#### [Aim of the task]
Two lines mark the range in the entries below: the one holding "Rainbow Eternity Band –" and the one holding "925 Silver 3-Amethysts Ring - image 2". Set down those two and all lines between them, exactly.

#### [Records]
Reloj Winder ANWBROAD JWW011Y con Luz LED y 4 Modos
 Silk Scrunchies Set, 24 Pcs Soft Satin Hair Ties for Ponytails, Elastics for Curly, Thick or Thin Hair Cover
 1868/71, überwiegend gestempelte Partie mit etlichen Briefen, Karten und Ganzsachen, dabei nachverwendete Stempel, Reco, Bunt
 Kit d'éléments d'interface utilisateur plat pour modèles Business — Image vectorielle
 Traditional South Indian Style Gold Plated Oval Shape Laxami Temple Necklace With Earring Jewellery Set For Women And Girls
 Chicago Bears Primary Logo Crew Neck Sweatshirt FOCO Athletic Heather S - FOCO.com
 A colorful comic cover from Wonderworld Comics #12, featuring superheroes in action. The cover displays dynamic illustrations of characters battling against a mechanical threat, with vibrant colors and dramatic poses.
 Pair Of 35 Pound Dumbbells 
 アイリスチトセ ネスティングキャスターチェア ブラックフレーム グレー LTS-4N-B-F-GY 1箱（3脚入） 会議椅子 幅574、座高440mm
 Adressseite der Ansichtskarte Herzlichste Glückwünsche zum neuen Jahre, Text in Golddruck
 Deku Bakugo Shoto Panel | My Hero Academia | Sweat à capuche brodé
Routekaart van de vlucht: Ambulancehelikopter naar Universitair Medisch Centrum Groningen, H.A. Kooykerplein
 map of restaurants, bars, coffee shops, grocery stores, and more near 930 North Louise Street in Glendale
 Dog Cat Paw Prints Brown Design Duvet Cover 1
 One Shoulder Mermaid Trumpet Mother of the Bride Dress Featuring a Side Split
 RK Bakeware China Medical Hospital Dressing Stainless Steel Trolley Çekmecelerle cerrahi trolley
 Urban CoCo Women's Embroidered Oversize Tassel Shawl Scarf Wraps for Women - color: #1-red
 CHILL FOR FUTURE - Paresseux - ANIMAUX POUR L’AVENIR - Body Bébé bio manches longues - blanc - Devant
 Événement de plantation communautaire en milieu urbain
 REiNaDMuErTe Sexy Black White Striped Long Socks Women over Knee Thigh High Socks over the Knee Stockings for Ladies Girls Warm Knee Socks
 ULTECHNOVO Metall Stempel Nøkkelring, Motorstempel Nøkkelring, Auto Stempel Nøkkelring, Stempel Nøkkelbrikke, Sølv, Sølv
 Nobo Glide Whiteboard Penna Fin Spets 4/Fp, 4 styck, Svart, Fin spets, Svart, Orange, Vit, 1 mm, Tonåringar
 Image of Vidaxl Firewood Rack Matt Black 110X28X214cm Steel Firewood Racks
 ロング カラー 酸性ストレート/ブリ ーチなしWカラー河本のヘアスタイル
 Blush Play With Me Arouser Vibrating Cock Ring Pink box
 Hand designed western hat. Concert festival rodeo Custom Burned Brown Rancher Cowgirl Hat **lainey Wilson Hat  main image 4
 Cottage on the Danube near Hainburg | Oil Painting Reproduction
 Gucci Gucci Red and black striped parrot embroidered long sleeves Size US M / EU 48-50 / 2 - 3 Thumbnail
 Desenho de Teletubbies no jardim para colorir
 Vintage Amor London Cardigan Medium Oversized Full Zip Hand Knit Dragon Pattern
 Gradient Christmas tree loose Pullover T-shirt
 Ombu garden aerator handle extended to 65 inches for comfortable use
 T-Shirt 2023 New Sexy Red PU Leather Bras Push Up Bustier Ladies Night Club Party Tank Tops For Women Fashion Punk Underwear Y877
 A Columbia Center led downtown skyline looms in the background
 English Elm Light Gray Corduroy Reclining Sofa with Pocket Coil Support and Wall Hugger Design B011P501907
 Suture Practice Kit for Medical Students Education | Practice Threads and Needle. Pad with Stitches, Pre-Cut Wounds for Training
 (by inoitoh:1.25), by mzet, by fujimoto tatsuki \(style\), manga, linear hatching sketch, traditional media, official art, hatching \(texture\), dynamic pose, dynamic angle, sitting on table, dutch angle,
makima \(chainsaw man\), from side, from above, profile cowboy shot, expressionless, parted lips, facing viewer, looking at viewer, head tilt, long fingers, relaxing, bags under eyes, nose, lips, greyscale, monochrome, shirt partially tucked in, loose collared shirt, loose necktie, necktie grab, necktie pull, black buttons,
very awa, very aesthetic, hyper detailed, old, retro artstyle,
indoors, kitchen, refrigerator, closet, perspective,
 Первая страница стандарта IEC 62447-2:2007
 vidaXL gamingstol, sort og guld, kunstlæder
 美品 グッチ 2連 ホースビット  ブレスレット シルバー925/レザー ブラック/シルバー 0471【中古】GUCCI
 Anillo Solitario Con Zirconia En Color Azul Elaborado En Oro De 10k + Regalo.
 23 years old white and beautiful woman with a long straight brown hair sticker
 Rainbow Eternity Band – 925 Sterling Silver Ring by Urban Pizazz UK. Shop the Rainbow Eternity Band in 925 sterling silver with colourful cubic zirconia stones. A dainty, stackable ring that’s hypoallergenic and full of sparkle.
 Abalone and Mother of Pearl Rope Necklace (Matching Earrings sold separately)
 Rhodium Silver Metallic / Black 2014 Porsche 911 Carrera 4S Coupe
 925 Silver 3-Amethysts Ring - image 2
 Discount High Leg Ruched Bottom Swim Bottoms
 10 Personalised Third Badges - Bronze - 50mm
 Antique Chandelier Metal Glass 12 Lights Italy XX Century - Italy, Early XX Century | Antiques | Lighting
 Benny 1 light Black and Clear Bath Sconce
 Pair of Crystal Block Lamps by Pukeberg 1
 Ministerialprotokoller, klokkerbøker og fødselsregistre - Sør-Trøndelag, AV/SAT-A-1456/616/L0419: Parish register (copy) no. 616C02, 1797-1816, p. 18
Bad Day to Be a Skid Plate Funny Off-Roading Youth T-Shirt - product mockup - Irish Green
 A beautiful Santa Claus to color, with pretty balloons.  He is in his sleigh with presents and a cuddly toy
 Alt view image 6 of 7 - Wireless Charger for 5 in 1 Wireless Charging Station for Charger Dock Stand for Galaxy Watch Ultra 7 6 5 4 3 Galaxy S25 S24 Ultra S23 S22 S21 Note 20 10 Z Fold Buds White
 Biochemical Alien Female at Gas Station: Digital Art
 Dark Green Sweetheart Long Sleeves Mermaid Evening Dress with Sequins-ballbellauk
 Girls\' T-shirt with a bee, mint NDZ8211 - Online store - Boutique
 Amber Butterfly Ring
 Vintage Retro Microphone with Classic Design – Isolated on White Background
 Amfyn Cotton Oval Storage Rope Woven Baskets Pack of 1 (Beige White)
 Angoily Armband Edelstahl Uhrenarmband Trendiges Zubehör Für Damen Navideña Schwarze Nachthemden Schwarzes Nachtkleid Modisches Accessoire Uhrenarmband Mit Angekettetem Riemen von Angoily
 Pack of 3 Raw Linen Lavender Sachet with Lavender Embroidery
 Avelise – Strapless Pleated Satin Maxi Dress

#### [Output for this task]
 Rainbow Eternity Band – 925 Sterling Silver Ring by Urban Pizazz UK. Shop the Rainbow Eternity Band in 925 sterling silver with colourful cubic zirconia stones. A dainty, stackable ring that’s hypoallergenic and full of sparkle.
 Abalone and Mother of Pearl Rope Necklace (Matching Earrings sold separately)
 Rhodium Silver Metallic / Black 2014 Porsche 911 Carrera 4S Coupe
 925 Silver 3-Amethysts Ring - image 2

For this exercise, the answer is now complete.